Final answer:
Presidents reappoint Federal Reserve Chairs for continuity and political insulation, maintaining stable monetary policy. Monetary policy is adaptable but potentially less effective in certain economic conditions. Moral hazard in banking regulations suggests that safety nets like deposit insurance can encourage riskier behaviors.
Step-by-step explanation:
Presidential Reappointment of Federal Reserve Chairs
Presidents typically reappoint Chairs of the Federal Reserve Board even when they were appointed by a president of a different political party due to the value of continuity in leadership and to insulate the Board from political forces. This practice helps to maintain a stable monetary policy that is not subject to frequent changes with political tides, allowing decisions to be made based on economic criteria rather than political ones.

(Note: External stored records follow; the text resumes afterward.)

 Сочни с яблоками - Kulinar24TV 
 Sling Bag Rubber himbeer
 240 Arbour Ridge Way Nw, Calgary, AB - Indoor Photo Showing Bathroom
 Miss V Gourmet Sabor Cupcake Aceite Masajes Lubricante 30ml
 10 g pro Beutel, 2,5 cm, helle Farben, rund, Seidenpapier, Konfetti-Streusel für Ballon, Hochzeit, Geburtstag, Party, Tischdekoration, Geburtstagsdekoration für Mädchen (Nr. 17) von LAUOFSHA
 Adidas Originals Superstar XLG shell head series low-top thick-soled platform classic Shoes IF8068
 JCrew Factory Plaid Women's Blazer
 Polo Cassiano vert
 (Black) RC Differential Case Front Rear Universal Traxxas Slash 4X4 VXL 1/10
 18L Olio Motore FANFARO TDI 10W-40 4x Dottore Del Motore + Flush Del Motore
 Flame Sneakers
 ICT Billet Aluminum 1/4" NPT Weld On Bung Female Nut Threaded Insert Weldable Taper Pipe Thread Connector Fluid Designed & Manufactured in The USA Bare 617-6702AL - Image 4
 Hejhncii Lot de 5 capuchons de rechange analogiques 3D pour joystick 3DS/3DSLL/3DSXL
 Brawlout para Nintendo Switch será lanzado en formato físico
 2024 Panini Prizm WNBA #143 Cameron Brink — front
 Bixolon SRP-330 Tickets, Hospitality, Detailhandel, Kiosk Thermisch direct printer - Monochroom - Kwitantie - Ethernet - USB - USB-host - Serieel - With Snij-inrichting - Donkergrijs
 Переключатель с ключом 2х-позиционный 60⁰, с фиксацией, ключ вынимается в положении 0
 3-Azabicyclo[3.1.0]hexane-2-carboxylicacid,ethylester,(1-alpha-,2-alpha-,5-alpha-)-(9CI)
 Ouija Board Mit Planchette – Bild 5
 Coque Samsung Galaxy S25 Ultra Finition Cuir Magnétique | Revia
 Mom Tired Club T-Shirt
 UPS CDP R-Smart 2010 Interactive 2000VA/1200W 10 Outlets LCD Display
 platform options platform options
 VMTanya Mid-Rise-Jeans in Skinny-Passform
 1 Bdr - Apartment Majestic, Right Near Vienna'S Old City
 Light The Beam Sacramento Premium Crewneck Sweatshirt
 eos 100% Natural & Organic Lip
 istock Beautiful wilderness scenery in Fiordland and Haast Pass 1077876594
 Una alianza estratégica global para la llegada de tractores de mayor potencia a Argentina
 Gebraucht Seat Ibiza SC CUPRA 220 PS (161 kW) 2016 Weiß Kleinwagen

Monetary Policy versus Fiscal Policy
Monetary policy may be considered superior to fiscal policy because it is more adaptable; it can be adjusted more quickly by the Federal Reserve to respond to economic changes. However, it might be considered inferior in certain respects, such as the potential to be less effective in situations where interest rates are already very low (liquidity traps) or when there's a need for structural economic reform that monetary policy alone cannot address.
Moral Hazard in Banking Regulations
The concept of moral hazard applies to deposit insurance and other bank regulations as it can encourage riskier behavior by banks. Knowing that deposits are insured may lead banks to make riskier investments, as the insurance mitigates the consequences of potential losses for depositors, effectively shifting the risk to the insurance provider.